EXERCISE PROMPT
Using the listing below, set down exactly the lines from the one that contains "Protein Powder, Whey, Vanilla, Grass" through the one that contains "STROOM STROOM Asia\'s", with no pictures.

BEGIN MATERIAL PROVIDED

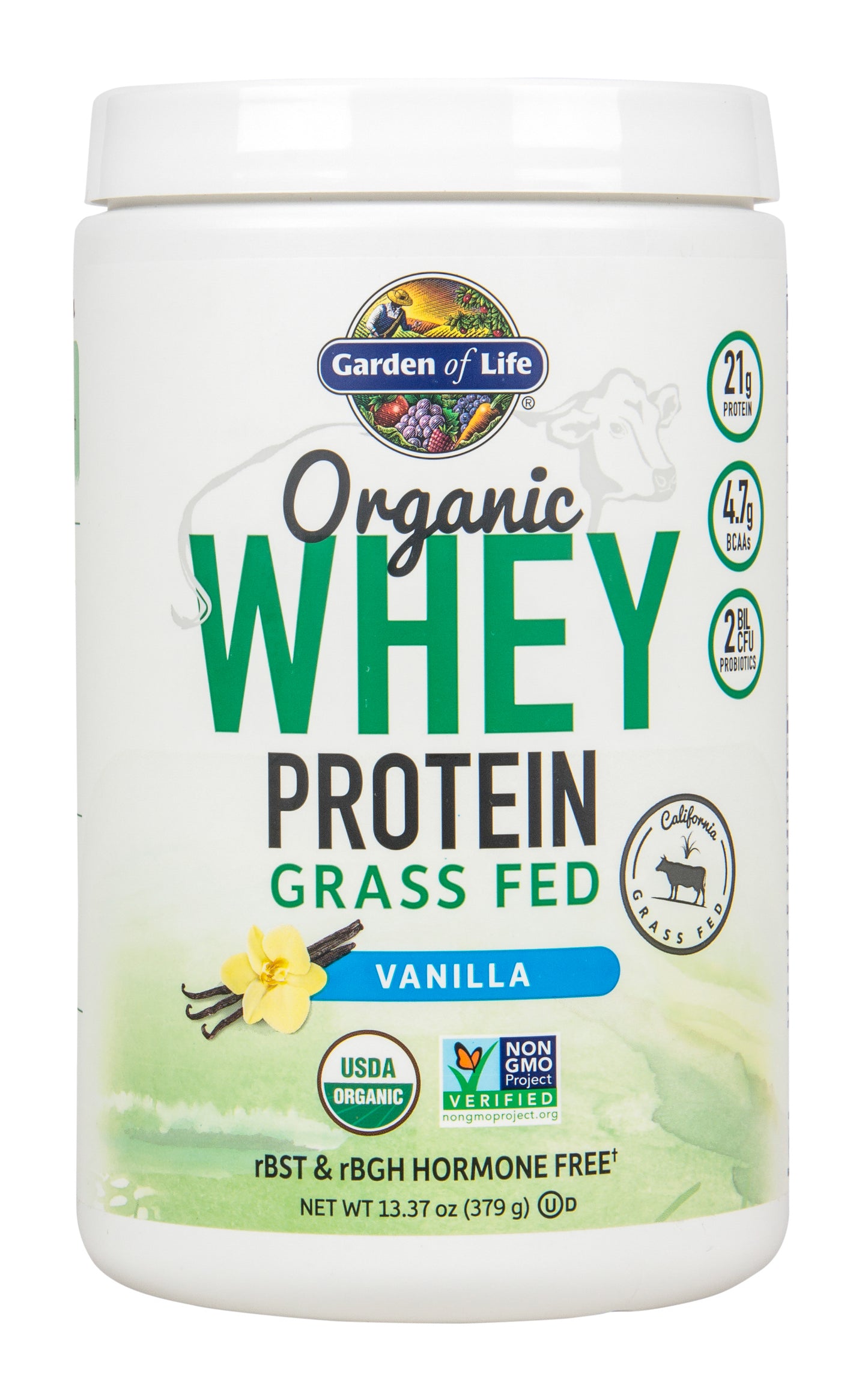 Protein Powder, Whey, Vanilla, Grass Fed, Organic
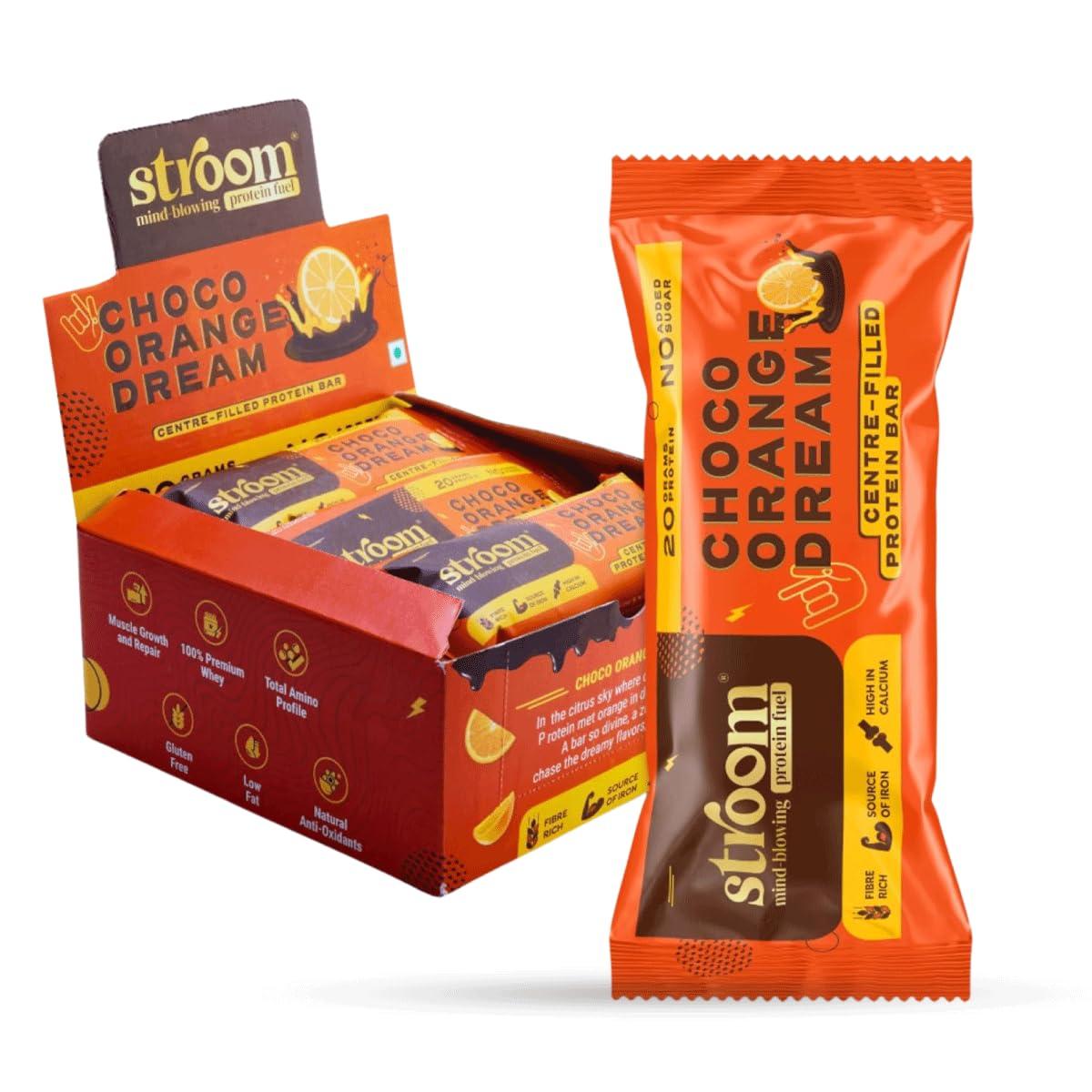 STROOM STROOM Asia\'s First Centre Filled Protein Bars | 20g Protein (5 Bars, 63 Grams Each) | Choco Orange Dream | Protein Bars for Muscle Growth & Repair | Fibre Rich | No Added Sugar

END MATERIAL PROVIDED
BEGIN MATERIAL PROVIDED

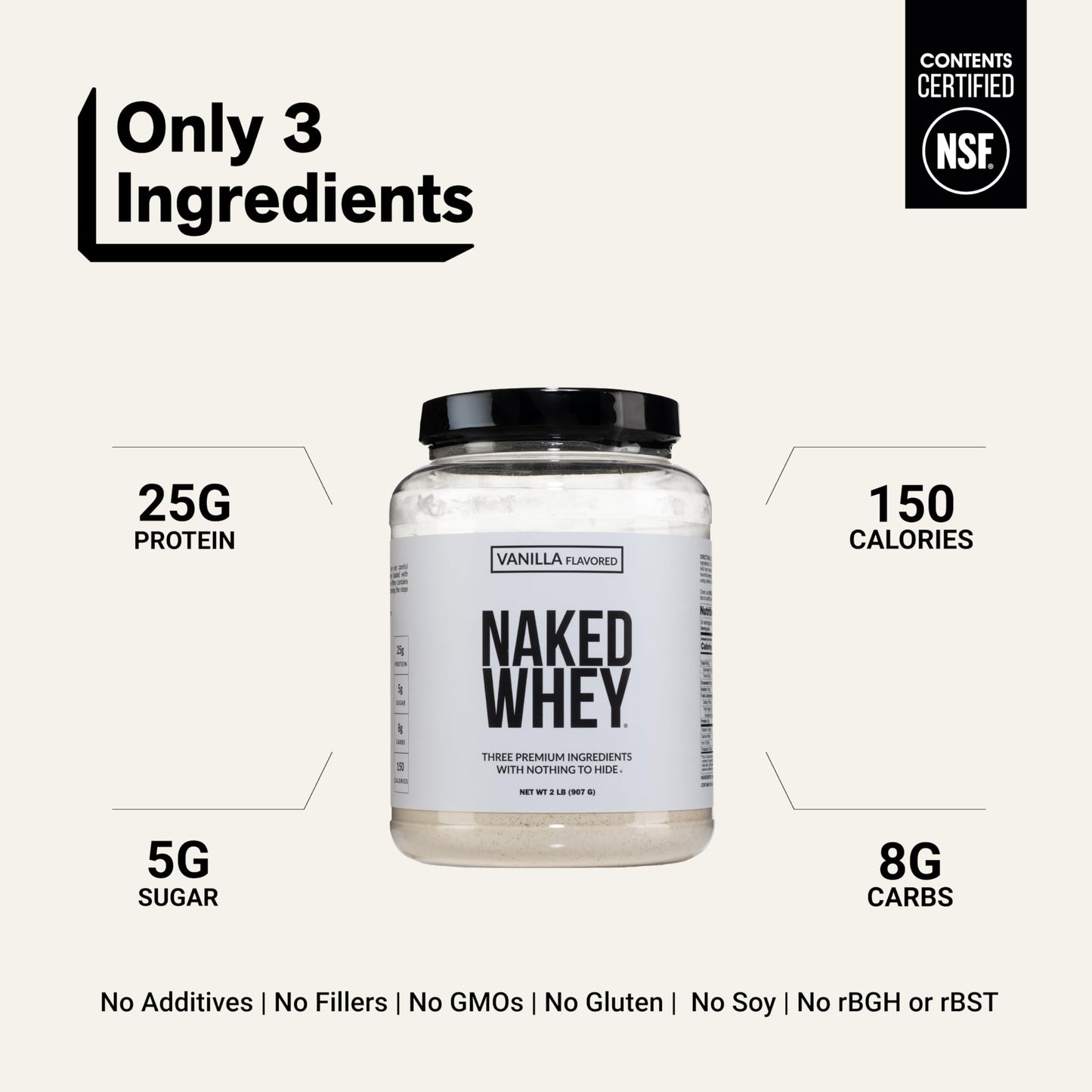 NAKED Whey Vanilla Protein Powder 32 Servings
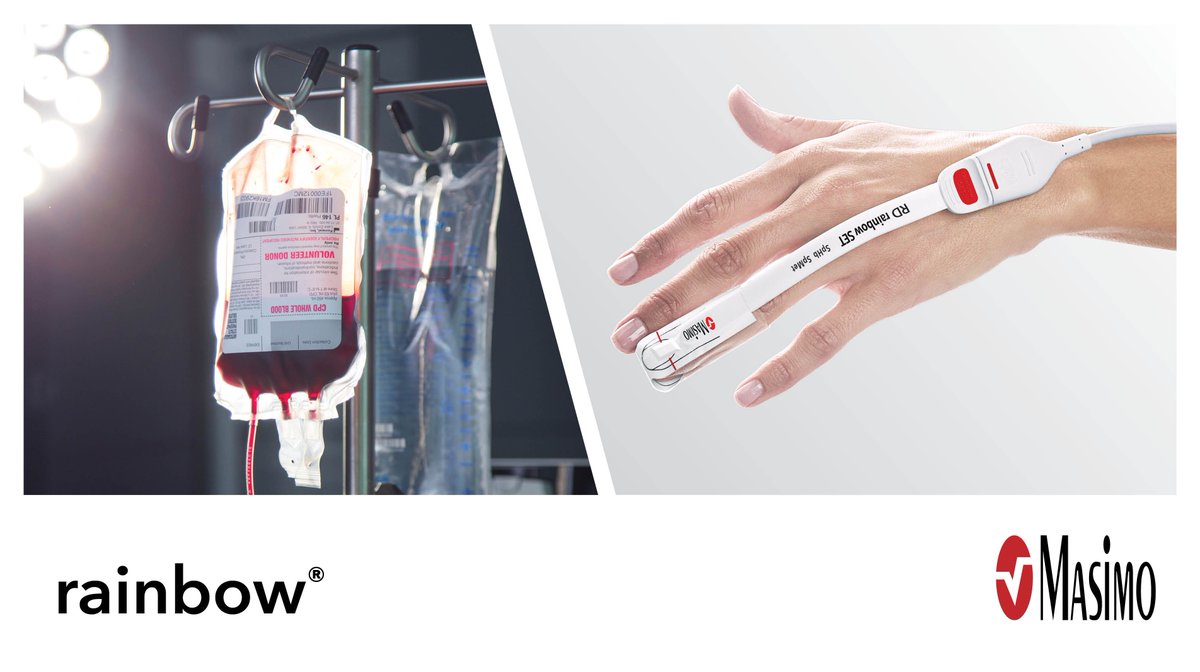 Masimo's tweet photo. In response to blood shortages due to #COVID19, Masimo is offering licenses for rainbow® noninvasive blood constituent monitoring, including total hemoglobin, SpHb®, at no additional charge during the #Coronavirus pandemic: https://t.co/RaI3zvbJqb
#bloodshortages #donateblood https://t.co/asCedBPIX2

END MATERIAL PROVIDED

RESULT OF THE EXERCISE
 Protein Powder, Whey, Vanilla, Grass Fed, Organic
 STROOM STROOM Asia\'s First Centre Filled Protein Bars | 20g Protein (5 Bars, 63 Grams Each) | Choco Orange Dream | Protein Bars for Muscle Growth & Repair | Fibre Rich | No Added Sugar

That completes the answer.